Final Fantasy has always had a pretty good relationship with multiplayer in their games, as anyone who’s played Crystal Chronicles or either of their MMOs will tell you. It’s likely that what we’ll see with XV’s co-op will be the four leads fighting hordes of monsters, maybe Chocobo races or something along those lines. The odds of them implementing co-op as something for the entire game would potentially be cool, but also probably unlikely given how big the game apparently is, so it’s likely it’ll exist in a separate space along the lines of the Uncharted sequels or Resistance 2. While both of those are good ideas, this does also offer up the game the opportunity to continue playing up the relationship between the four leads.
As co-op and multiplayer have grown over the years in gaming, so have the justifications for having extra characters around.
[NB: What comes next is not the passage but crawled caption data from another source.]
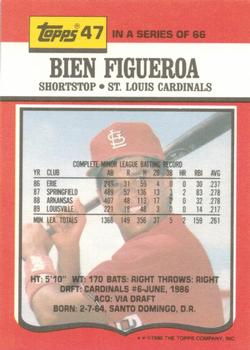 1990 Topps TV St. Louis Cardinals #47 Bien Figueroa Back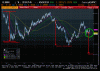 Denná analýza EURUSD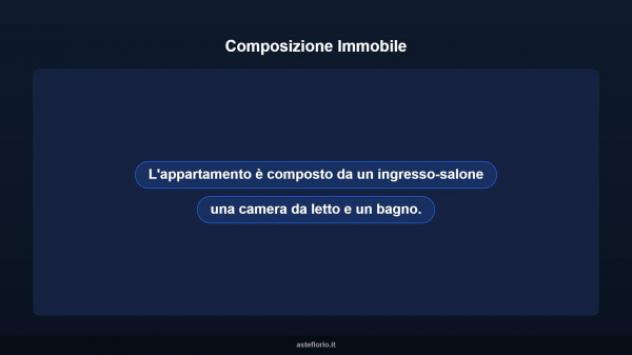 Immobile in asta di 52 m² in vendita a Cagliari - Foto 9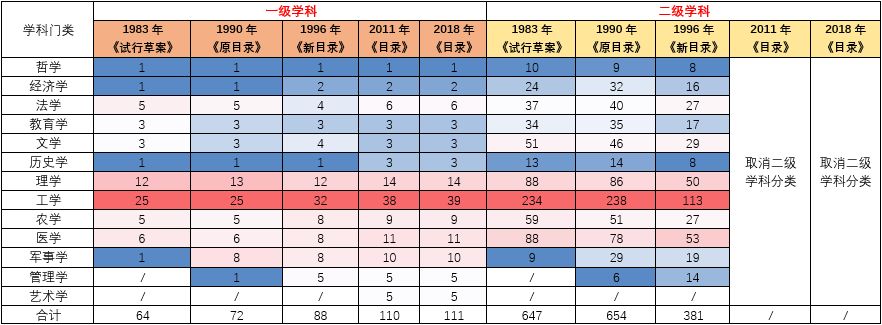考研扫盲：中国研究生学科专业目录建设的历史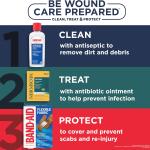 Neosporin Original First Aid Triple Antibiotic Ointment, Bacitracin Zinc & Neomycin Sulfate Infection Protection, Wound Care Treatment & Scar Appearance Minimizer for Minor Cuts, Scrapes & Burns, 1 oz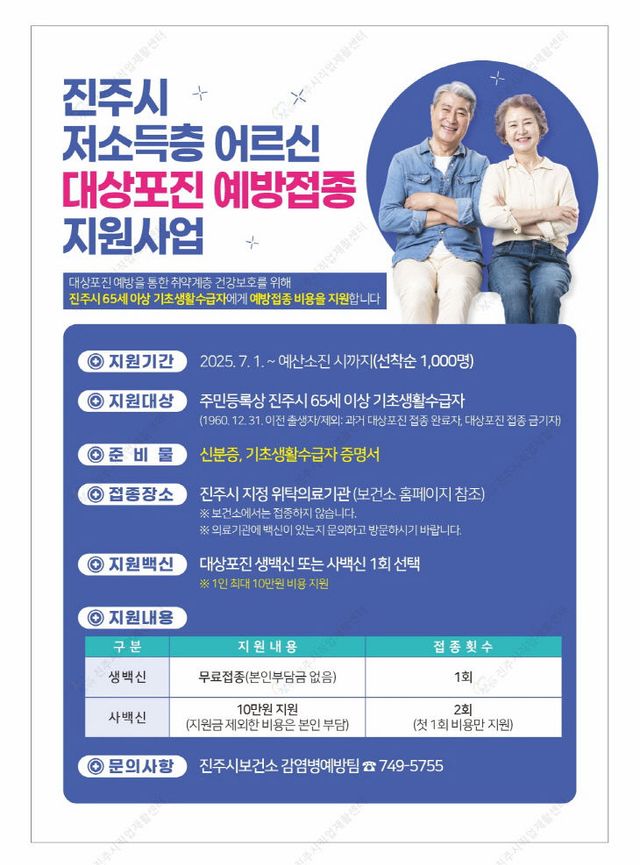 7월부터 저소득층 대상포진 예방접종 지원사업 실시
Instead of just a carbon copy of the original character with a different hair color, things have evolved to where the second player is a character with their own personal backstory, as is the case with Gears of War. Even franchises that previously went with the former method added in fully fleshed characters down the line, like how last year’s Halo 5 pulled from the series fiction to join Master Chief and Locke on their respective adventures. In all honesty, it wouldn’t be surprising if Square said that Final Fantasy XV was intended for four players in mind, but they held it off to make sure that it was perfect.
Since the grand reveal of FFXV, Square’s made sure to feature all four leads in every piece of marketing. When they were introduced with their car, countless memes spawned, pinning the team with the classic Mean Girls line, “Get in losers, we’re going shopping.” They’ve frequently been referred to as a boy band, and fan art is chock full of the guys being dorks. There are little flourishes about, like Noctis giving Prompto a thumbs up in the middle of a battle. All of this character crafting could continue within the co-op DLC.
Have post game lobbies be the guys just driving in the car and bragging about their kills or revives, or even have them hang out at a restaurant and do it that way. Even stupid things like fist bumps after pulling off a sick combo or a button dedicated to all four characters high fiving each other, like what Army of Two did (and was mocked for) with air guitars, could help sell the bond between the players and characters.
Director Hajime Tabata said last year that the reasoning for Final Fantasy XV’s four leads being all dudes was to give them “the most natural feeling, to make them feel sincere and honest…The world might be ready to see the curtain lifted on what boys do when girls aren’t around, when they come out of the tent all prim and proper.” It was a statement that caught a lot of criticism, given the pedigree of female characters the franchise has produced since its existence, but games are also fairly short on stories about male characters with healthy male relationships. You can definitely get that vibe across in the single player, but it could definitely resonate more through co-op. Even if it’s something as simple as the other players comforting the lowest performing player through buying them some food or letting them pick the radio station, it’d foster the relationship that Square is hoping to build. Just look at how people have responded to the pre-match dialogue in something like Overwatch; they eat those little snippets of character moments up, and it’d be weird if Square wasn’t paying attention to stuff like that even a little.
Co-op in games help players and characters cement relationships with each other. Relationships are part of the big draw for fans of Square Enix games, as Kingdom Hearts fans will tell you. The state of gaming has changed so much since Final Fantasy XV was first revealed back in 2006, and in that time, it’s doubtful that Square hasn’t noticed the ways you can make players care for protagonists. And if this DLC co-op mode is successful, who knows? Maybe they’ll do the next one with co-op built in from the very beginning.